▶ **Exercise**:
Out of the material that follows, write out exactly the lines from the line with "Пополнение кошелька Battle.Net на 49 TRY Лир" to the line with "2020 Hyundai Kona Limited Chantilly VA", both ends included, and no others.

▶ **Available data**:
————————

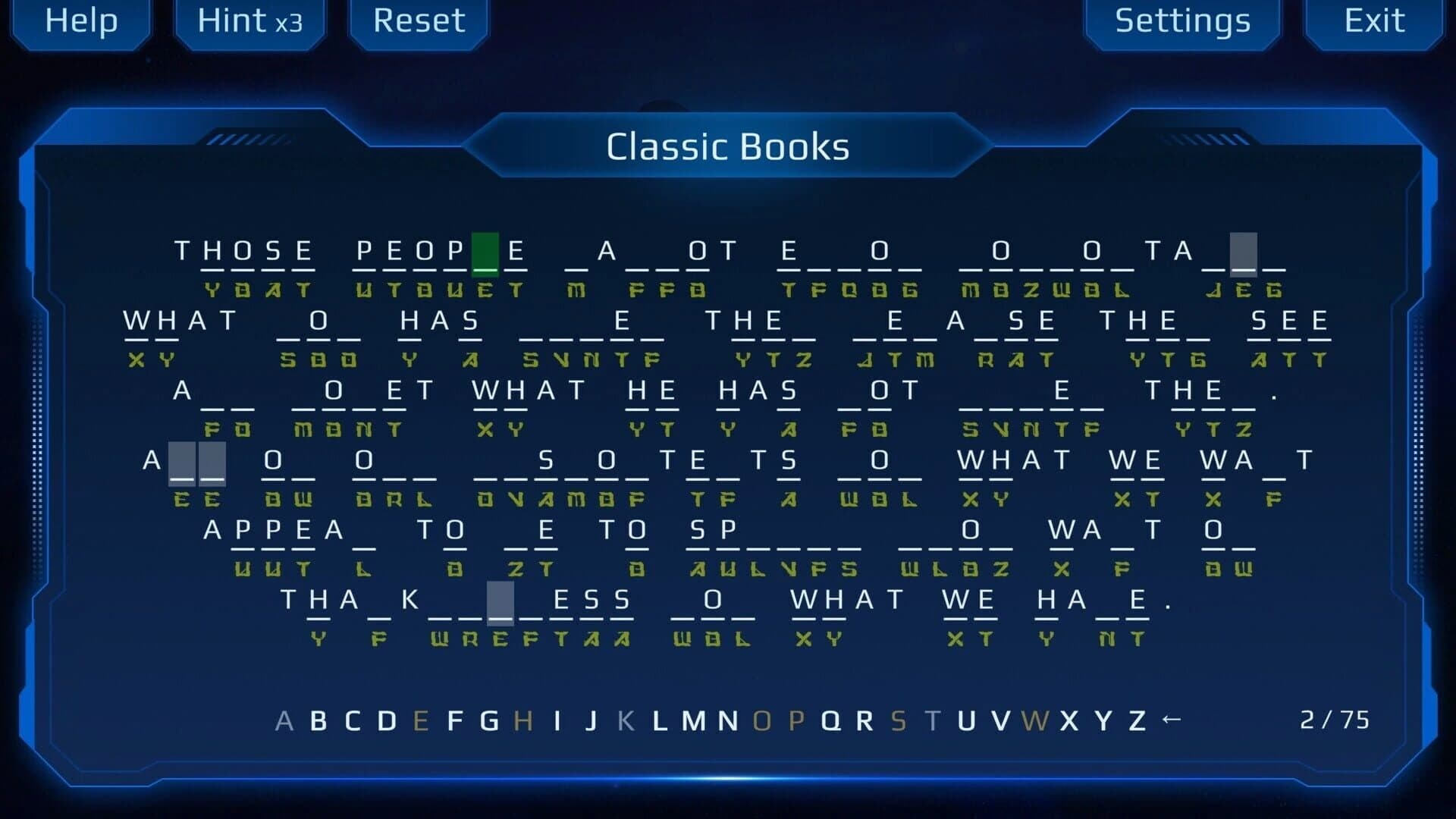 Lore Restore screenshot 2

————————

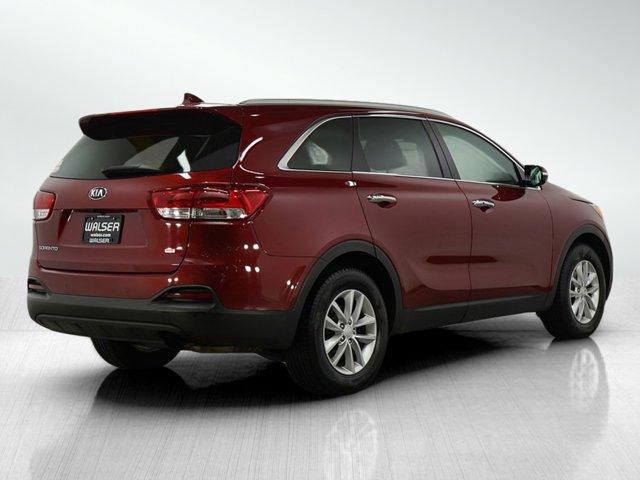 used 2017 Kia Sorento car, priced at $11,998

————————

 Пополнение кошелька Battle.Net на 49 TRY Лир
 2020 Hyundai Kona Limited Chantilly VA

————————

▶ **Your response**:
 Пополнение кошелька Battle.Net на 49 TRY Лир
 2020 Hyundai Kona Limited Chantilly VA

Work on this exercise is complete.